Saturday, October 31, 2015

Wozzeck, again

From "Wozzeck," photo courtesy of the Lyric Opera

     Are you tired of the Saturday fun activity? I am, sort of. Okay, a lot. Plus I'm running out of halfway enigmatic photos, not that you guys ever are stumped. 
    So let's take a breather, at least for today. If this is a rend in the fabric of your universe, let me know, and I'll continue it next week. If you heave a sigh of relief, let me know that too, so I can be confident I judged correctly.
     For today, I've unearthed this chestnut, in honor of Wozzeck, the Berg opera that opens at the Lyric Sunday. This 1998 column is one of the first I wrote that mentions opera, and is significant for several reasons. 
    First, it mentions Wozzeck, which I had seen as an entry-level subscriber when the Lyric last presented it in 1992. My central memory is of screeching, and a woman on a swing, and wanting to get out of there with a passion that could not have been greater had the place been on fire.
     Second, while there are many criticisms that can be leveled at the atonal, jarring piece, I manage to malign it falsely in two ways, by alluding to its length—at 100 minutes long, it's one of the shortest operas—and an intermission, of which there are usually none because of the aforementioned brevity. 
     Third, after this column appeared, I received a scorching letter from Magda Krance, then and now the proud spokesperson for the opera. The letter ended up a crumpled ball hurled across the newsroom—just can't do that with email, alas. So I can't check what was in it, but I remember her saying that I had become Bob Greene, a low insult for any writer, but particularly barbed because Magda and I had collaborated on the takedown of Greene that had appeared in Spy magazine in the late 1980s.
    What I remember most about this episode was sitting at my typewriter, pounding out a reply, a number of replies, actually one after the other.
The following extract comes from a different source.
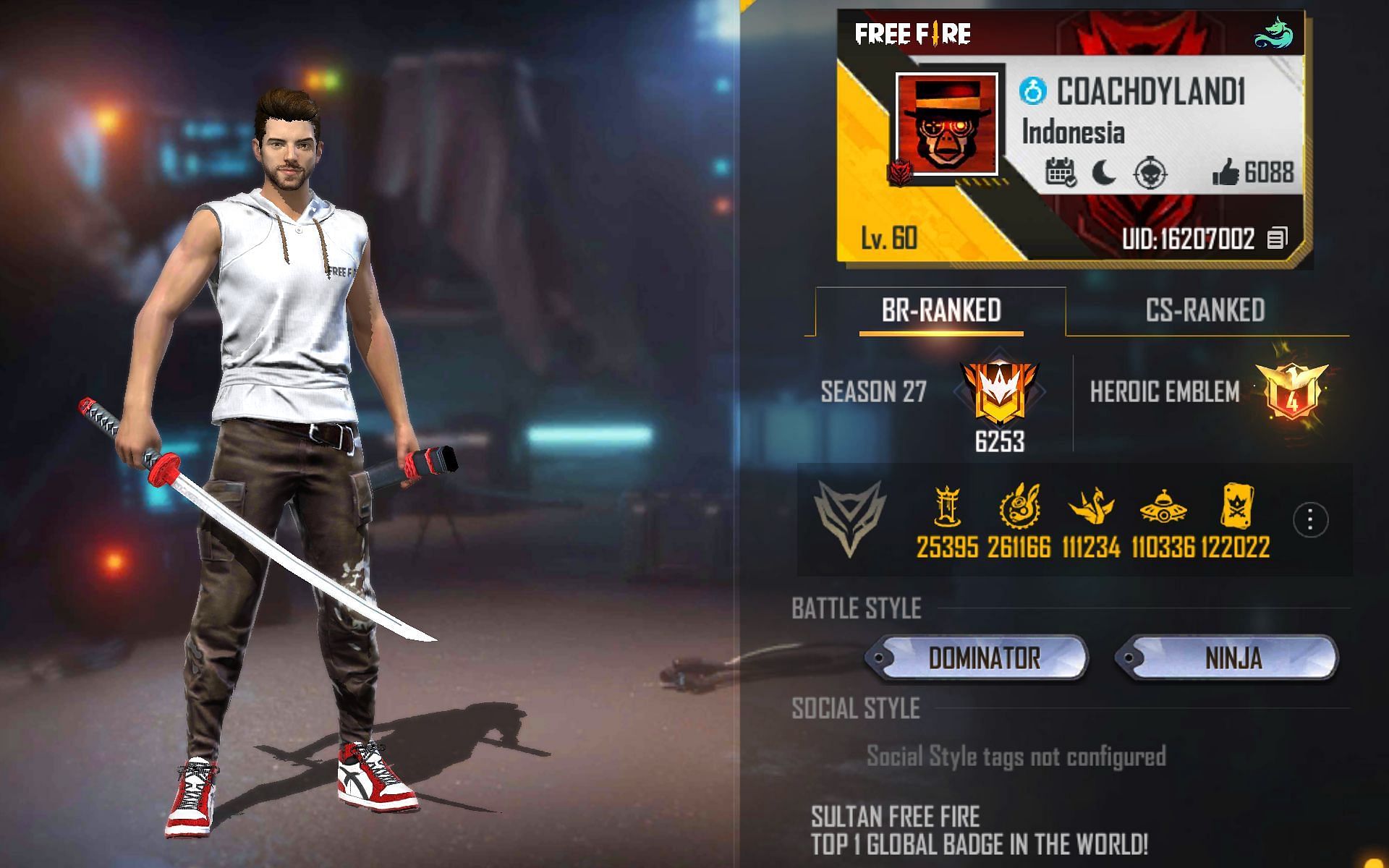 Sultan Proslo&#039;s Free Fire ID (Image via Garena)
I would write a letter in a hot fury, seal it up, stomp over to the mail basket, put it in, stomp back to my desk, fume, then leap up, stomp back, pluck the letter out, tear it up, return to my desk and write a new one.  I did this at least three times. 
    A luxury lost in our digital, send-it-and-regret-it age. 
    The letter I finally sent began, "Ignoring your letter..." and suggested that a publicist doing her job would have taken me up on my offer of donating some proper light plates for the lobby of the Lyric, which has grand marble and brass and these sad industrial electric outlets. 
    It is a tribute to the plasticity of the human condition, and our respective professionalism that Magda and I managed to get past that little speed bump in our relationship, and have worked together lo these many years and become bosom buddies as I went from being a subscriber, sitting in the uppermost balcony, to a frequent commentator with a better seat. 
     I'll be attending Wozzeck later this week, and am keen to discover if my tastes have changed in nearly a quarter century. 
    In the meantime, let us return to the years of Clinton and Monica Lewinsky, a scandal whose annoyingness our young columnist tried to express by way of operatic metaphor. It's not a very good column, but then I was new to the job.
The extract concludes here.